# Gordy at almost 11 weeks



## rer1977 (Nov 8, 2008)

So we went to the vet today. My boy weighs in at 23.2 pounds. He really does look good. he is such a good boy, he barks when he has to go out or comes and nudges me .....




























Watching Maggie and the ferocious beast....


----------



## Heidi36oh (Feb 27, 2007)

He is just adorable, love the last picture!


----------



## Jo Ellen (Feb 25, 2007)

Cute pictures, what an adorable face


----------



## boomers mom (Sep 17, 2008)

i absolutely love the picture of him watching tv!!!! how adorable! you got a handsome boy there!


----------



## Abbydabbydo (Jan 31, 2007)

He is just darling! Maybe you can graduate from TV to video games. They are such smart dogs.


----------



## Oaklys Dad (Dec 28, 2005)

Those are some great pictures of little Gordy. Nice to hear he is doing so well with you. Keep the pictures coming.


----------



## LucyD (Nov 20, 2008)

He sure is handsome!


----------



## mm03gn (Sep 24, 2008)

I love love love the creative way he's figured out to sit in that chair!!!! TOO cute...and doesn't look at all comfortable...but I guess most of the positions they get themselves into don't...

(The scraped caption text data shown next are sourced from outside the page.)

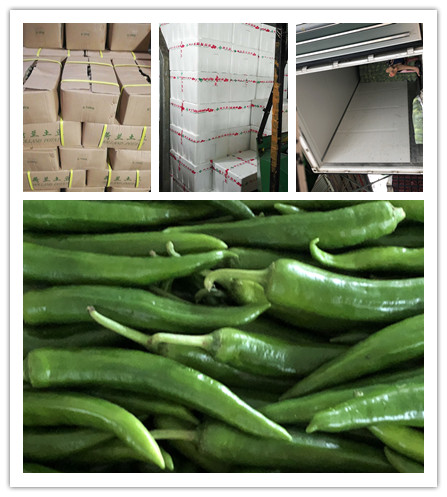 w66.利来(中国区)_来利国际旗舰厅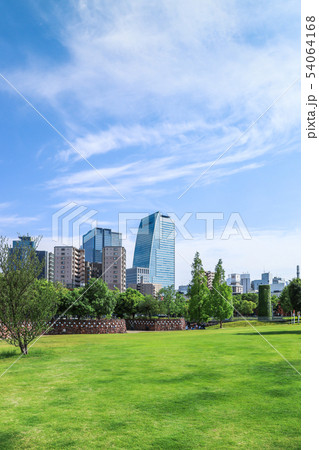 緑地広場越しに高層ビルを見る 54064168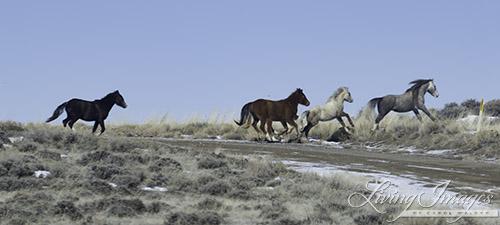 Crossing the road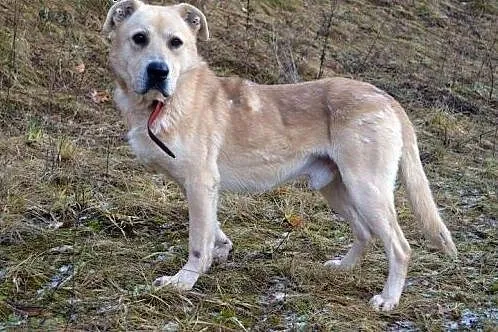 Asko - kochany przytulas :),  warmińsko-mazurskie 
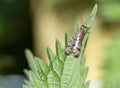 a single common scorpionfly (Panorpa communis)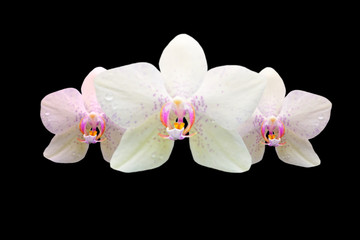 white orchid flowers isolated on black
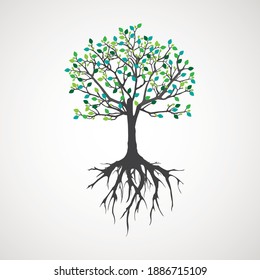 Abstract tree with roots. Vector outline illustration. Plant in Garden.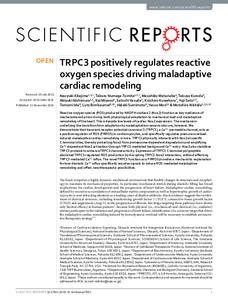 trpc3-positively-regulates-reactive.pdf.jpg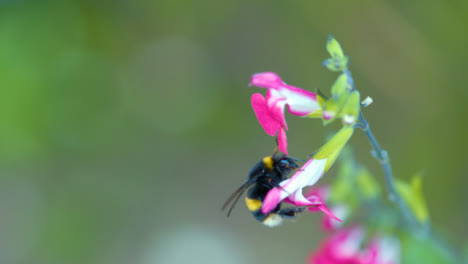 Biene-Bestäubt-Gartenblume-Nahaufnahme
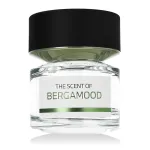 BMW Fragrances Bergamood EDP Tester 100 ml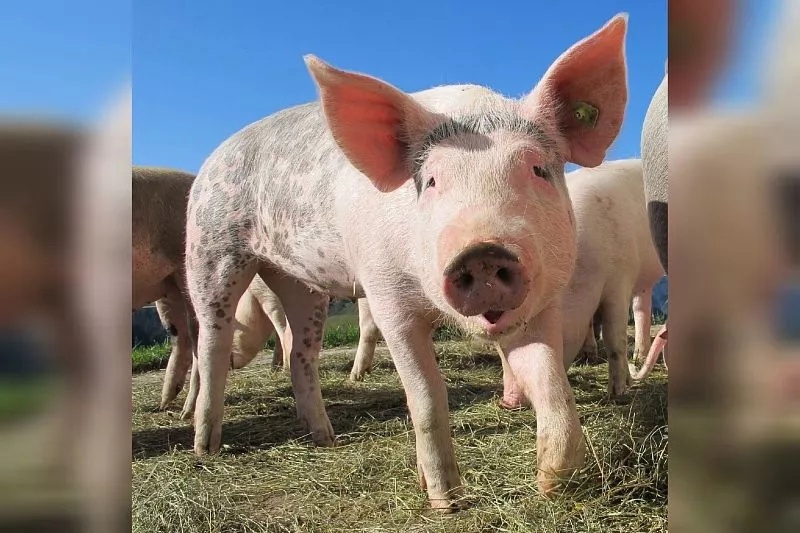 В Краснодарском крае выявили новый очаг африканской чумы свиней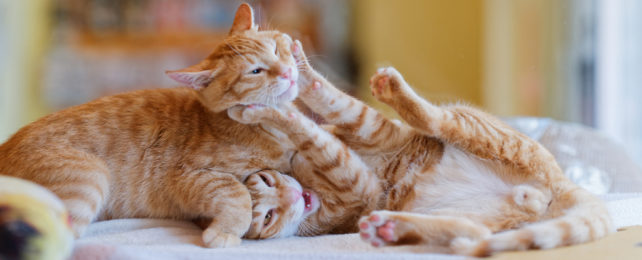 Two orange tabby cats playing with each other.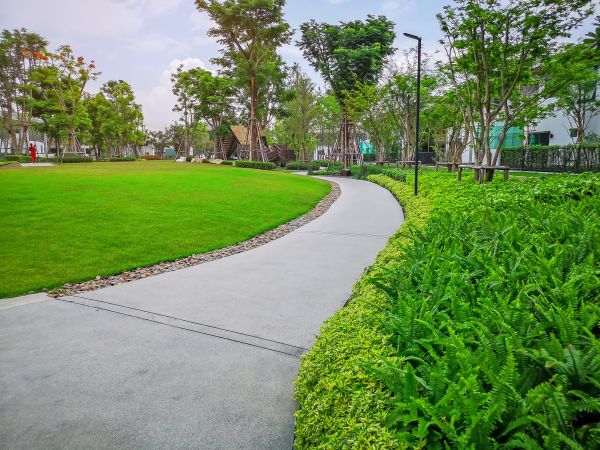 Cement Walkway Service in Encinitas
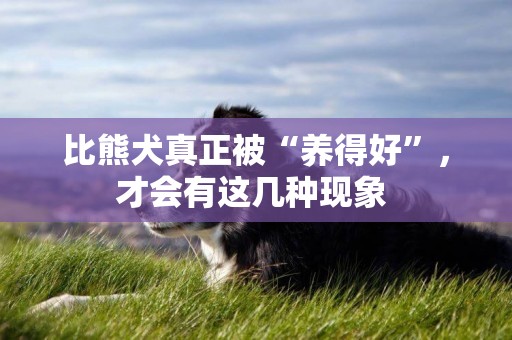 比熊犬真正被“養得好”，才會有這幾種現象 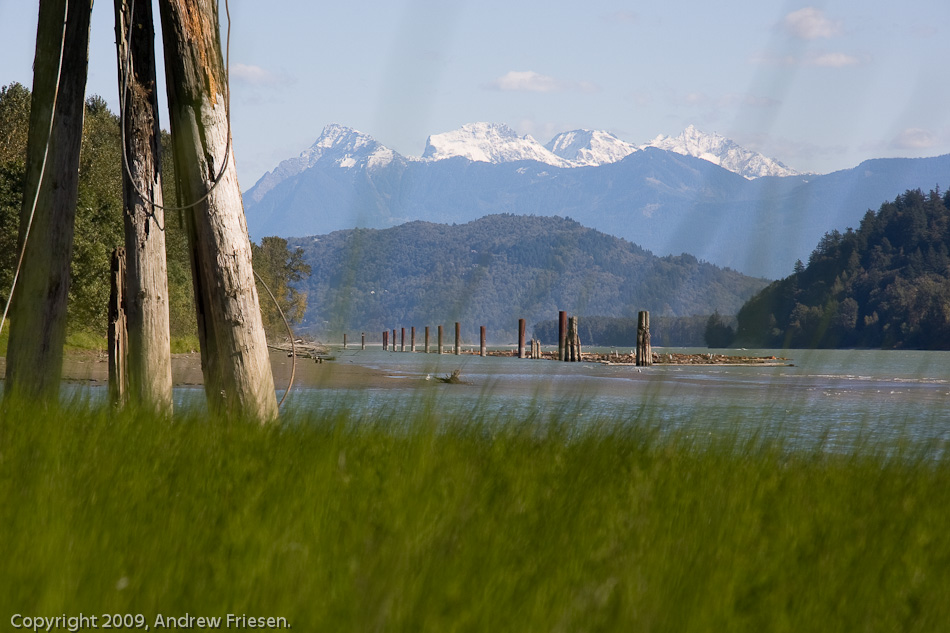 The Fraser River at Dewdney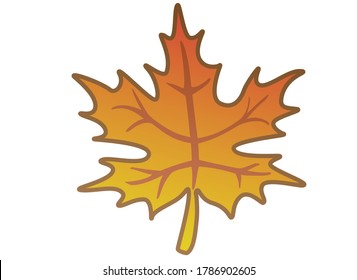 Maple leaf - vector full color illustration. Autumn orange maple leaf.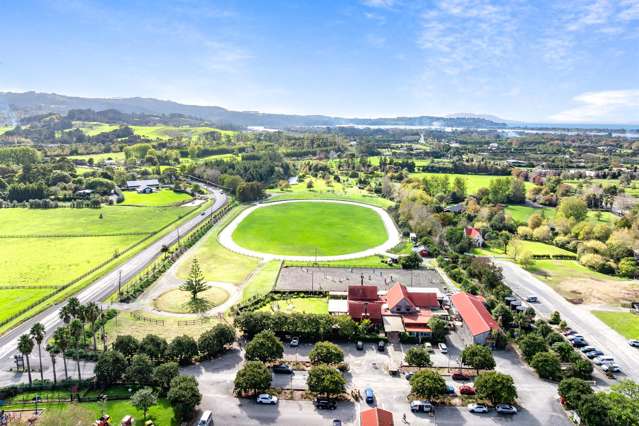 Freehold character investment in Matakana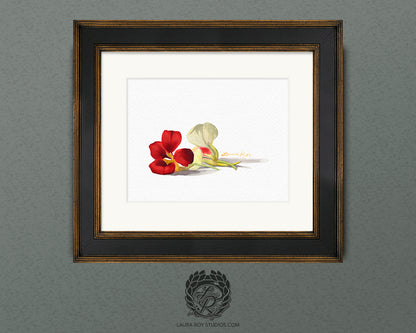 Nasturtiums Watercolor Art Print – Edible Flower Duo Illustration, Colorful Kitchen Wall Decor
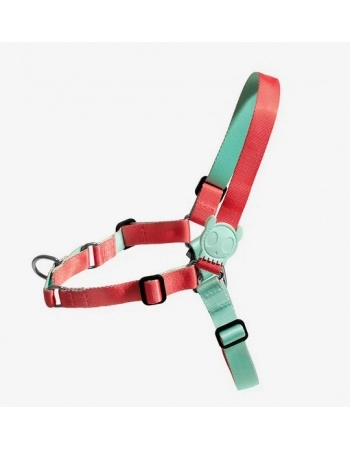 PASSAS COBERTAS PAN DP 12X50G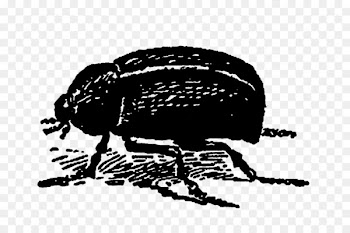 Beetle Garden Digital stamp - beetle 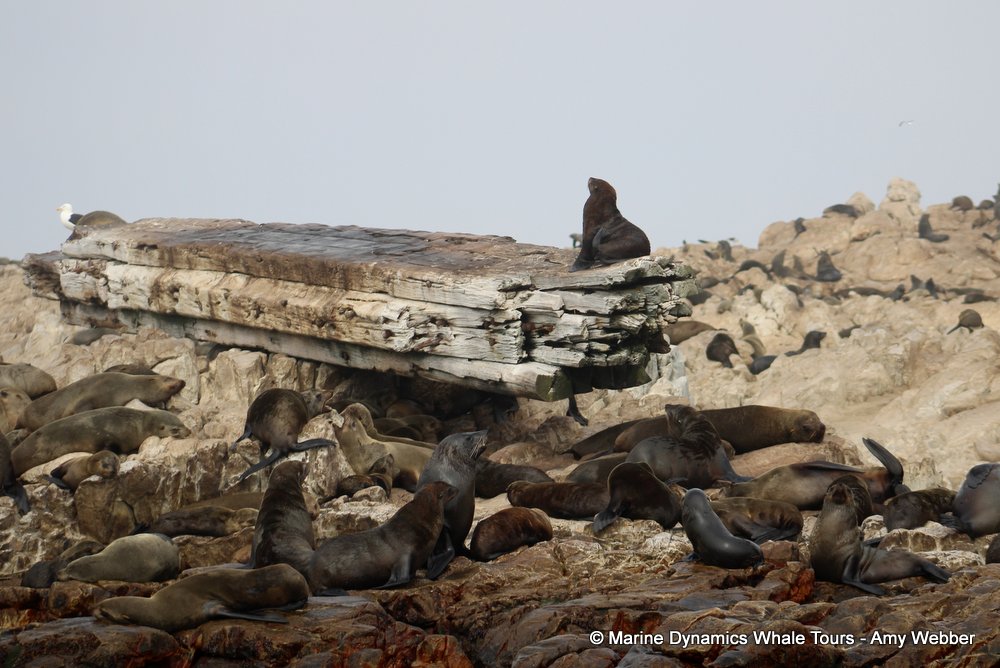 cape fur seal, whale watching, gansbaai, south africa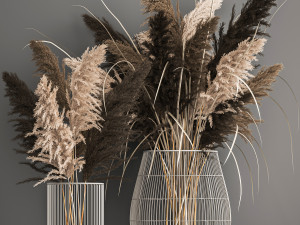decorative bouquet of dried pampas grass 1071 Model 3D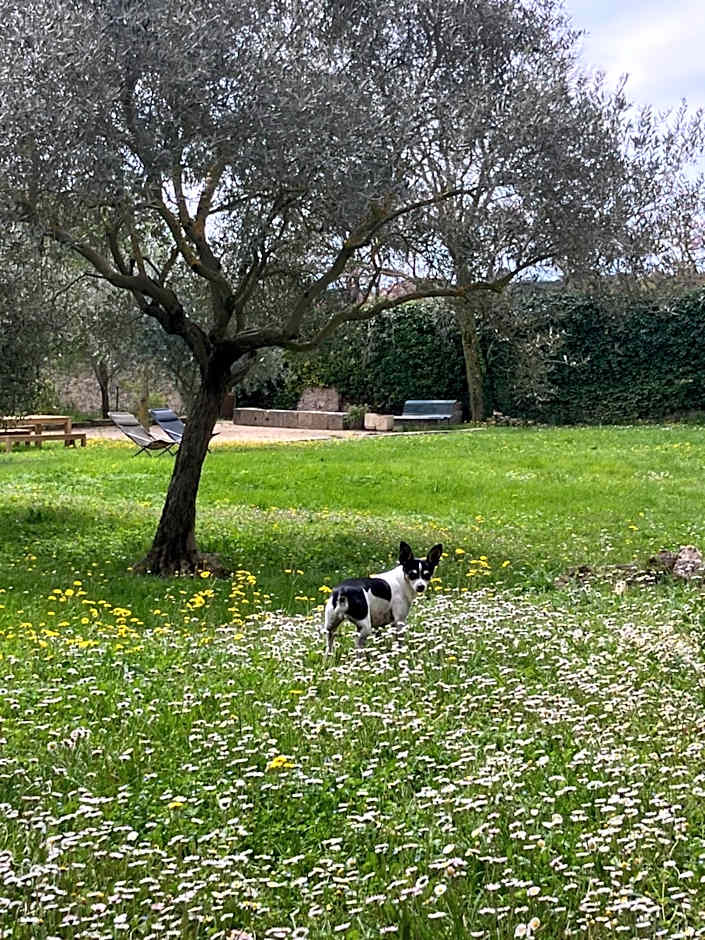 Hotel Le Moulin du Château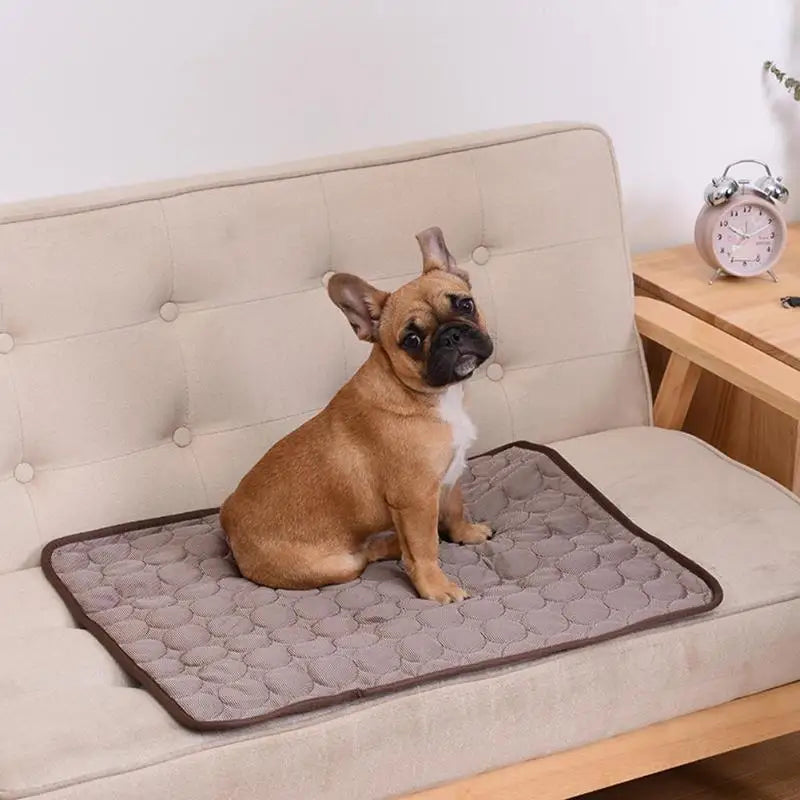 Pet Cooling Mat – Summer Pad for Dogs and Cats, Washable & Breathable Bed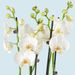 Witte Vlinderorchidee 4-tak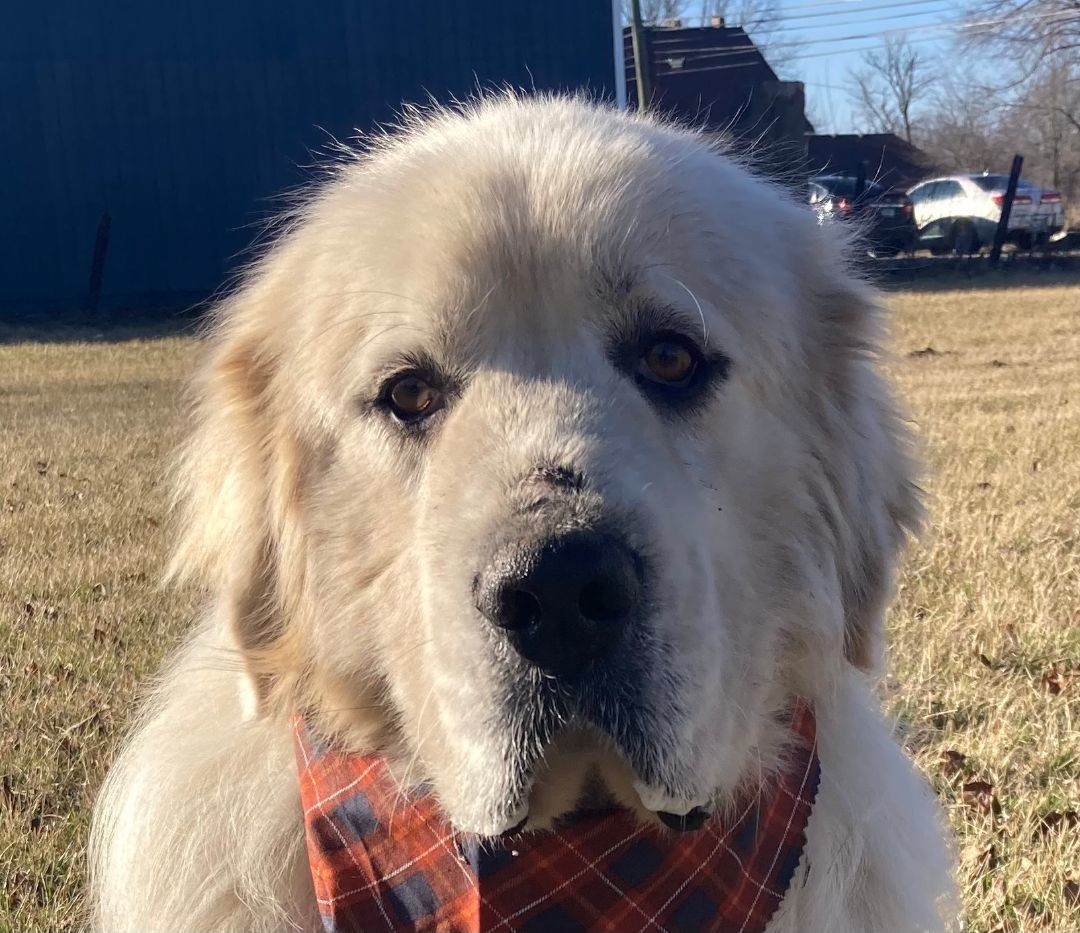 Cylus - Nice Boy - Foster Needed, Adoptable, Adult Male Great Pyrenees.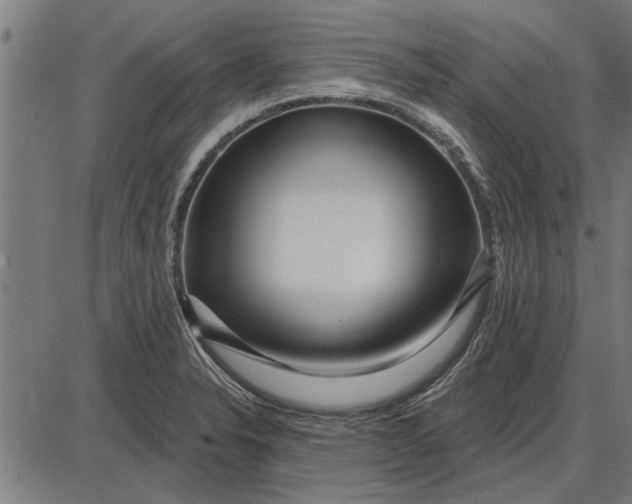 X0000086101326200704091342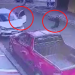 Vídeo: Pistoleiro que tentou matar a tiros empresário no bairro Planalto é preso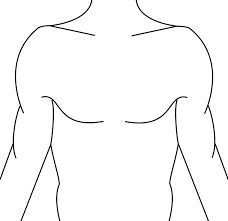 the outline of a man's torso and chest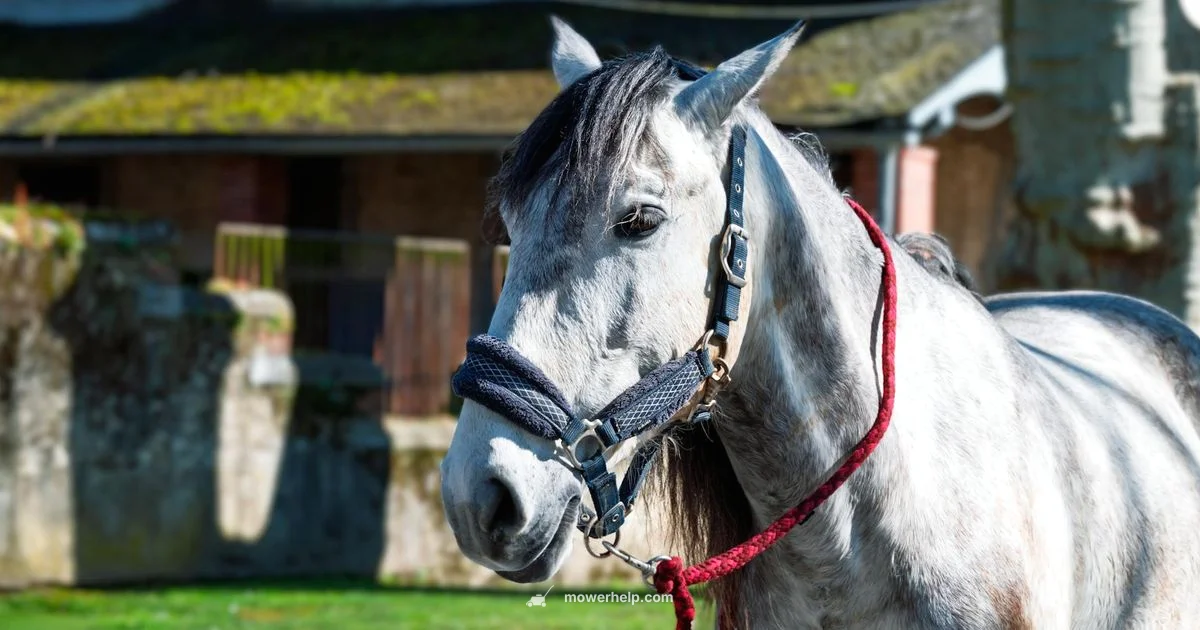 30-Inch Riding Mower - Mower Help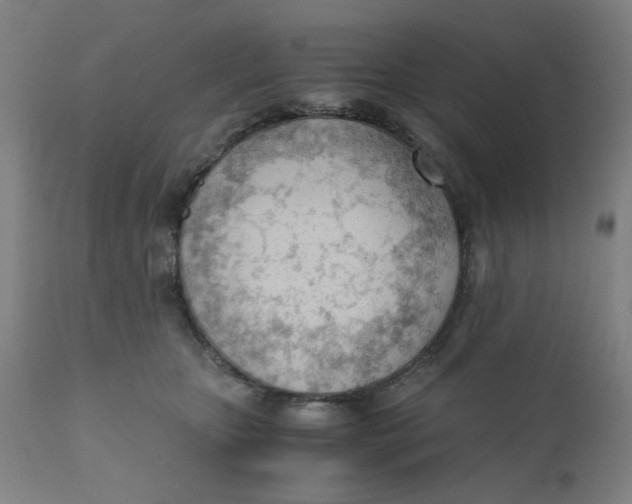 X0000110670467200907021850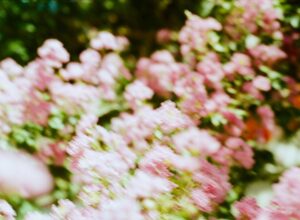 Prénoms inspirés de la méditation et pleine conscience 2026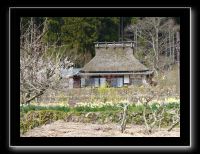 090 Miyama 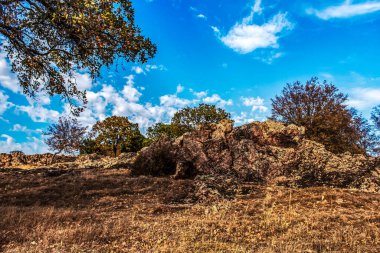 Ağaçlar ve yapraklarla dolu sonbahar manzarası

He is an absolute doll, PLEASE keep the pictures coming - those of us who don't have the joy of a puppy in our house have to live vicariously through you!!


----------



## BeauShel (May 20, 2007)

He is just a little sweetie. I like that first picture and the one of him watching tv.


----------



## LuckOfTheGold (Aug 1, 2008)

aawww he is so handsome 

looks like that chair is too small for him.lol


----------



## Auenk9 (Oct 23, 2008)

I keep thinking about adding another Golden to my family and then I tell myself no....not ready yet...and then I see all the pictures of the adorable puppies and I think....maybe....soon! Gordy is precious! Love the picture of him watching TV! That is waaaaaaaaaaay tooooooooo cute!


----------



## rer1977 (Nov 8, 2008)

Thank you ..... He is a character, NEVER a dull moment with him around. I have to say, he is the best maid I have ever had, he picks up the clothes puts them in the hamper and dust mops the wood floors...lol he tends to get going pretty fast and his legs come out from under him like bambi. 

He has brought so much laughter into my life...


----------



## diana_D (Jan 27, 2008)

Love, love, love him! He is adorable. The first and last pictures are my favorite.


----------



## LibertyME (Jan 6, 2007)

what a darling boy....he looks to be a very serious puppy....takes his job as a puppy very seriously!


----------



## olik (Apr 13, 2008)

ohh,he is so cute!!!Last one very precious.Remember too much TV not good for the little kids...LOL


----------



## teddy128 (Jan 11, 2010)

He very very cute!


----------



## fuzzbuzz (Aug 3, 2008)

Gordy is a cutie. Love all the pictures but watching tv is my favorite.


----------



## iluvlucy (Sep 29, 2009)

love the tv pic!!!!! SO CUTE!!


----------



## inge (Sep 20, 2009)

This thread is also very old...someone seems to pick up all the old threads...But sure, a cute pup!


----------



## cmichele (Jan 16, 2009)

He is adorable!


----------



## Hiroko (Oct 29, 2009)

So innocent....Love all the pictures! Thanks for sharing


----------